Getting
married? For the first time? Second? Third? Known your partner for ever? Or
just a short time? Are you planning every single detail of your wedding day, or
just hoping that without any effort on your part, everything will turn out just
fine?
Unless
you’re unique, at this very moment, like most people about to be married,
you’re wholly immersed in your wedding plans. Keeping the telephone hot, you’re
querying this or that reception venue, comparing the virtues of this or that
florist and agonising over the choices being offered to you.
And
this is the case whether you’re marrying for the first time or this is an
encore wedding either for one or both of you, whether you’ve already shared
much of your life with your present partner, or your marriage is to be a
complete change of status for you both. Whatever your personal situation,
whatever the style of your wedding, you’ll spend much of your time planning
every detail of your wedding day.
Why?
Because, whatever your situation, you want your wedding day to be a day to
remember.
But
what about the honeymoon? Is that just going to happen? Or are you planning to
make it happen? According to one set of statistics, more than 90% of couples
who choose a traditional wedding will celebrate their togetherness by taking a
honeymoon. On an average, 14% of the wedding expenditure will constitute the
honeymoon. In practical terms, the honeymoon will cost three times as much as
the average yearly vacation that the couple will take throughout their lives.
Is
the cost and time invested in planning a honeymoon worth the effort?
Obviously
the intimate details of the success or otherwise of a honeymoon are not readily
accessible. Still, there are just enough hints being dropped to suggest that
rarely does it exceed expectations. Quite the contrary, in fact! And it seems
no different whether it’s a repeat performance or the very first honeymoon for
both partners. As far back as 1815, when Lord Byron married, he commented that
his three week honeymoon, which he called ‘treaclemoon’, was not all sunshine,
that, in fact, it had its clouds.
More
often than most people realise, the honeymoon starts with either one or both
partners not talking to each other! Just as many honeymoons begin with either
one or both partners sulking, more often than not that bedroom activity which
everyone talks about, not only doesn’t generate any fireworks, it doesn’t even
happen. Again, lack of forethought leads to a situation that one partner or
possibly both, will look back at with regret.
Why
is it so? Why is the wedding so memorable while the honeymoon quite often
isn’t?
The
wedding day is as special as it is because on that day people, who normally run
around in shorts and tee shirts, suddenly go formal. People who don’t know
their right foot from their left suddenly take dancing lessons. People who have
heart palpitations at the thought of public speaking become members of Toast
Masters in order to make that all important wedding speech. In short, on that
day, people turn themselves inside out to play their part in the most pleasing,
elegant and dramatic way they’re capable of.
They
don’t merely hope that everything will turn out right. They make sure of it.
How
can you make sure that your honeymoon exudes the same type of drama?
If
you look back to the beginning of your relationship you’ll probably remember
that your life, at that stage, was one, long high. Over the years, though, you
may have fallen into the trap waiting for all couples, especially those in a
long term relationship, becoming so comfortable with each other you no longer
feel the need to show your real feelings towards your partner. After all, by
now your partner should be fully aware of your feelings, without any special
efforts on your part. You’ve been a couple for a long time. You might be one of
those couples who’ve lived with each other for years. It could be that by now
you’ve brought up several children together.
Where
once it was an endless stream of chocolates and roses and hours of passionate
sex, it’s now comfortable, and possibly boring routine of paying the bills and
looking after the kids.
All
that dressing up for a date, or even going out for a date, treating each other
with special courtesy and consideration, sending flowers, selecting a special
place to celebrate a birthday or anniversary, you’re way beyond that.
If
this is the kind of attitude the couple takes to their honeymoon then they can
only expect to be disappointed. Whether this is your first marriage or your
fourth, to make your honeymoon truly memorable you need to start planning for
it in the same organised, systematic way as you’re planning your wedding day.

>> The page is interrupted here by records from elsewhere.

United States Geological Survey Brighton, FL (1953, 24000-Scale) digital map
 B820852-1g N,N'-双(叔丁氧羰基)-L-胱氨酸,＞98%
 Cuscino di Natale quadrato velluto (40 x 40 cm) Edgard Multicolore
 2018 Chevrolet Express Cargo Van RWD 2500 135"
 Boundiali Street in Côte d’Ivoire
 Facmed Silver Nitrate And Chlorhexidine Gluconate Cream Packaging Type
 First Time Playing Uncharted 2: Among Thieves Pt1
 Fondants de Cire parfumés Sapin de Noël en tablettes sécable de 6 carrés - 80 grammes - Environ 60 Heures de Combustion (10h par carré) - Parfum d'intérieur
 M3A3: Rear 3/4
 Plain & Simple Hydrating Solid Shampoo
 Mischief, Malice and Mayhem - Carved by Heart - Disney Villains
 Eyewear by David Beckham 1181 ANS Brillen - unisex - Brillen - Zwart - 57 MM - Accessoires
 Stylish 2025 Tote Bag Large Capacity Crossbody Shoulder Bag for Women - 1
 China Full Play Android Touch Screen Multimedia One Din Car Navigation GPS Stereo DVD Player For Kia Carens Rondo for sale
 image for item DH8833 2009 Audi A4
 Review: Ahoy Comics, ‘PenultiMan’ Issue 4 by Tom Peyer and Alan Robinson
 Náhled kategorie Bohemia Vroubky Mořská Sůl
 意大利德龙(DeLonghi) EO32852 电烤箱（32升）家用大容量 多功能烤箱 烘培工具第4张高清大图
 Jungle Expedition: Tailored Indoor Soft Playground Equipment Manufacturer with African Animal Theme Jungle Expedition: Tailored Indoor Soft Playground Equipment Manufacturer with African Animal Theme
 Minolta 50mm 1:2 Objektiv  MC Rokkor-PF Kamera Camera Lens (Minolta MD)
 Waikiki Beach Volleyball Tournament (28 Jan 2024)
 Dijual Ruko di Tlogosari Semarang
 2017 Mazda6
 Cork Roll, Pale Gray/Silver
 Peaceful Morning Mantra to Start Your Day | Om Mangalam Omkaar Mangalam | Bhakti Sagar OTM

Only in that way will it be inevitably as memorable as you expect your wedding
day to be.
More
than 60% of the newlyweds choose a honeymoon in a foreign country hoping to
taste something unique and different. Yet, in the majority of cases, it will be
little more than a holiday like every other holiday they have ever had, except
a great deal more expensive.
But
it can be different. It can be more than just a vacation. Instead of
concentrating your attention merely on the choice of the location, make your
honeymoon a time when you show your partner the person he or she fell in love
with in the first place. A you at your very best. Use your honeymoon to
re-ignite that old relationship to the way it used to be when you first met
each other, and you were each other’s best friend, as well as each other’s
dream lover.
Whether
you’re 18 or 80, whether you’re spending a leisurely month or just a quick
week-end, make your honeymoon a time to remember for the rest of your life by
preparing for it as carefully as you’re planning your wedding day.